By default, this searches for any categories containing your search term: eg, Tudor will also find Tudors, Tudor History, etc. Check the 'exact' box to restrict searching to categories exactly matching your search. All searches are case-insensitive.

This is a search for tags/categories assigned to blog posts by their authors. The terminology used for post tags varies across different blog platforms, but WordPress tags and categories, Blogspot labels, and Tumblr tags are all included.

This search feature has a number of purposes:

1. to give site users improved access to the content EMC has been aggregating since August 2012, so they can look for bloggers posting on topics they're interested in, explore what's happening in the early modern blogosphere, and so on.

2. to facilitate and encourage the proactive use of post categories/tags by groups of bloggers with shared interests. All searches can be bookmarked for reference, making it possible to create useful resources of blogging about specific news, topics, conferences, etc, in a similar fashion to Twitter hashtags. Bloggers could agree on a shared tag for posts, or an event organiser could announce one in advance, as is often done with Twitter hashtags.

Caveats and Work in Progress

This does not search post content, and it will not find any informal keywords/hashtags within the body of posts.

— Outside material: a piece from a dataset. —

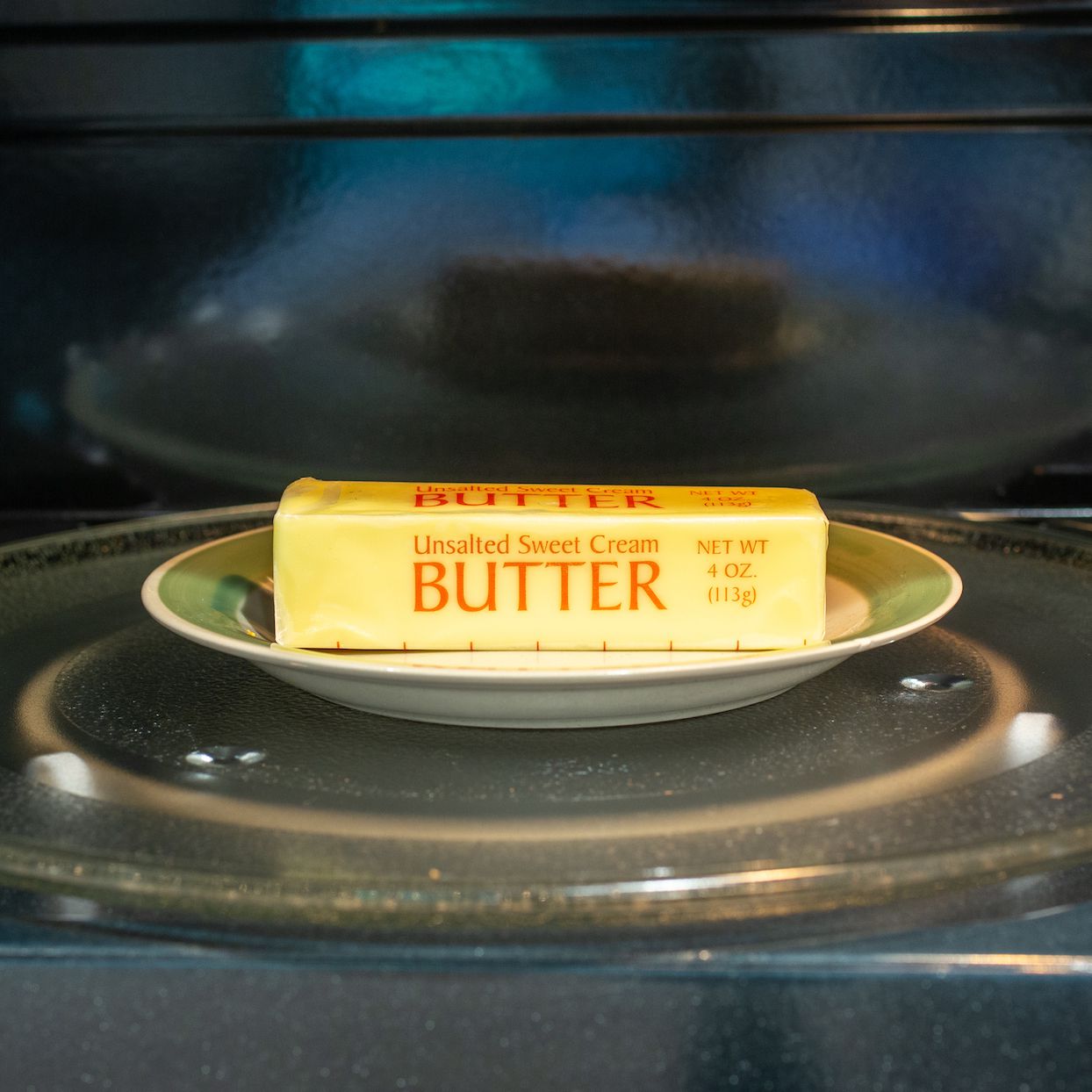 softening a stick of butter in the microwave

If EMC doesn't find any <category> tags for a post in the RSS feed it is classified as uncategorized. These and any <category> 'uncategorized' from the feed are omitted from search results. (It should always be borne in mind that some bloggers never use any kind of category or tag at all.)

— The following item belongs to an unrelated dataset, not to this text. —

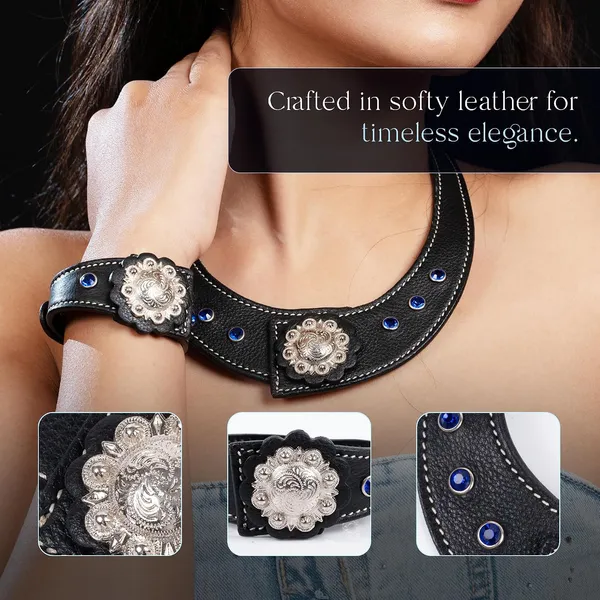 Softy_Crystal_Leather_Necklace_With_Bracelet_Set_Handcrafted_Statement_Jewelry_With_Floral_Concho_Motif_Secure_Snap_Button_Clasp_For_Women_And_Girls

This will not be a 'real time' search, although EMC updates content every few hours so it's never very far behind events.

The search is at present quite basic and limited. I plan to add a number of more sophisticated features in the future including the ability to filter by blog tags and by dates. I may also introduce RSS feeds for search queries at some point.

Constructing Search Query URLs

If you'd like to use an event tag, it's possible to work out in advance what the URL will be, without needing to visit EMC and run the search manually (though you might be advised to check it works!). But you'll need to use URL encoding as appropriate for any spaces or punctuation in the tag (so it might be a good idea to avoid them).

This is the basic structure:

http://emc.historycarnival.org/searchcat?s={search term or phrase}

For example, the URL for a simple search for categories containing London:

http://emc.historycarnival.org/searchcat?s=london

The URL for a search for the exact category Gunpowder Plot:

http://emc.historycarnival.org/searchcat?s=Gunpowder%20Plot&exact=on

In this more complex URL, %20 is the URL encoding for a space between words and &exact=on adds the exact category requirement.

I'll do my best to ensure that the basic URL construction (searchcat?s=...) is stable and persistent as long as the site is around.